NASCAR opens school for fast learners
Tuesday, May 21, 2002
By Jenna Fryer ~ The Associated Press
MOORESVILLE, N.C. -- NASCAR continued its rapid expansion Monday at the grand opening of a school designed to specifically train mechanics and help them break into auto racing.
The NASCAR Technical Institute is a sparkling 146,000-square foot training facility located on 19 acres in the heart of NASCAR country. The school is capable of training 1,900 students a day and ready them for jobs in auto racing.
The school offers two programs -- one lasts 57 weeks, the other lasts 69 -- and consists of traditional technology training, as well as NASCAR specific training. Tuition starts at $24,350 and the first session begins July 1.
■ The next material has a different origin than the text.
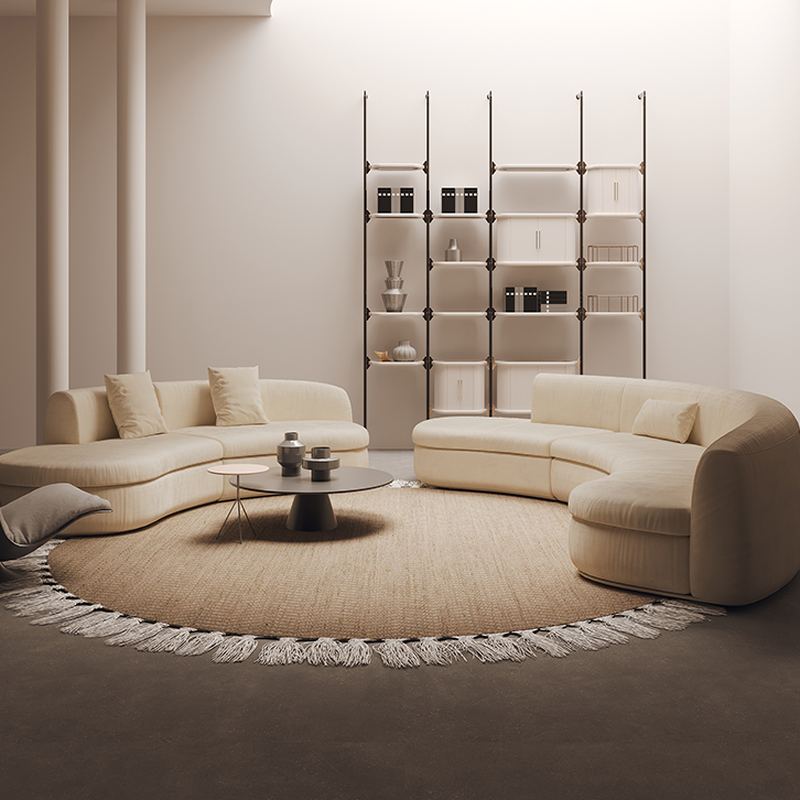 Natural Wood Bow Front Corner Sectional 7 Person/for 5/for 6 with Concealed Support - image 4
"This is a terrific opportunity to get the education needed to participate in our sport," said Winston Cup crew chief Ryan Pemberton.
"We have a need for good people, everyone in our sport always does. It's just a matter of finding them."
Pemberton was fortunate to get his start in the business, convincing older brother Robin Pemberton to let him hang around the shop and do odd jobs during Robin's early days as a crew chief. He learned from watching and said students who graduate from NTI will have an even greater advantage.
"I'm not a good example because I had a brother in the business," he said. "But so many people in this sport try so hard just to get a job sweeping in the shop so they can just get in the door. With this school, a degree from here might help guys skip right over the broom."
NASCAR teamed with Universal Technical Institute to build the school, which requires only a high school degree or a General Equivalency Diploma and has an age requirement of at least 18 years old.
Coursework includes engine construction, electrical, fuel and lubrication systems, drive trains, body and chassis fabrication and racing theory principles. Students will also learn the history and rules and regulations of NASCAR.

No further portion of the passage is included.